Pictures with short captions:
────────

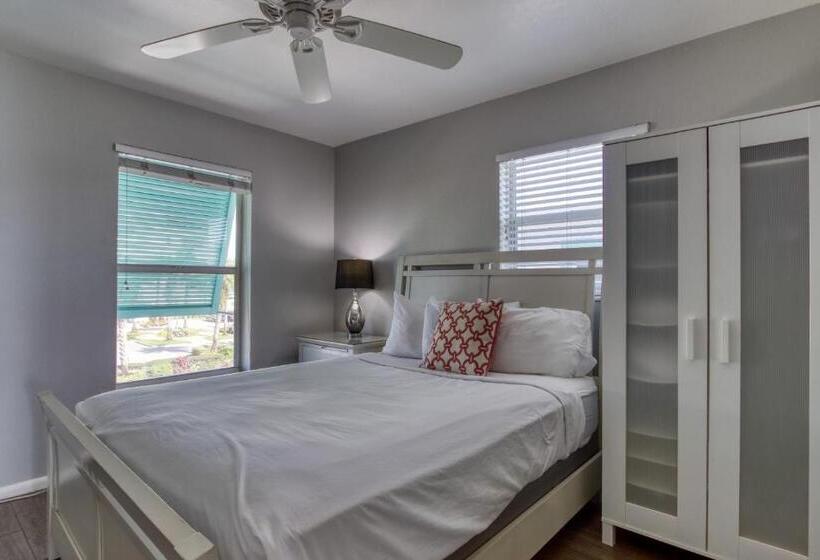 リゾートホテル The New Hotel Collection Beachfront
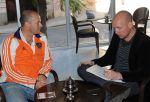 04-09-2010 : HOCKEY : BDO FIH WORLD CUP HOCKEY WOMEN 2010 : PERSMOMENT NEDERLANDS ELFTAL : ROSARIO (ARGENTINIE)
Taco van den Honert geinterviewd door Robert-Jan Friele (GPD).
Foto : Ben Haeck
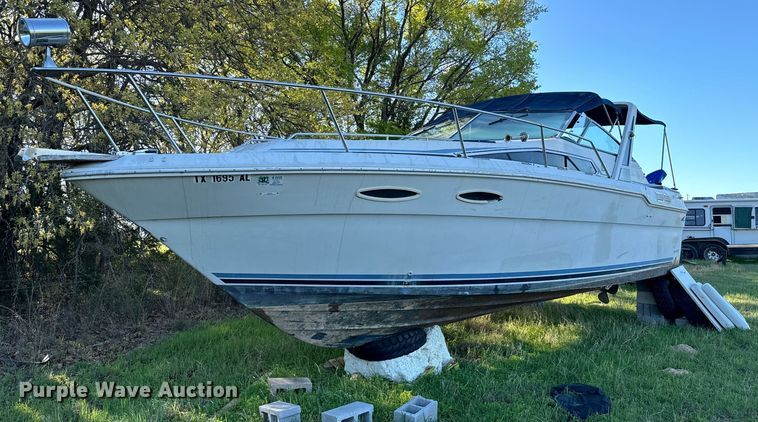 image for item EJ0453 1988 Sea Ray Cruiser  boat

────────

A verbatim copy of every record is required, with all pictures excluded.

 リゾートホテル The New Hotel Collection Beachfront
 04-09-2010 : HOCKEY : BDO FIH WORLD CUP HOCKEY WOMEN 2010 : PERSMOMENT NEDERLANDS ELFTAL : ROSARIO (ARGENTINIE)
Taco van den Honert geinterviewd door Robert-Jan Friele (GPD).
Foto : Ben Haeck
 image for item EJ0453 1988 Sea Ray Cruiser  boat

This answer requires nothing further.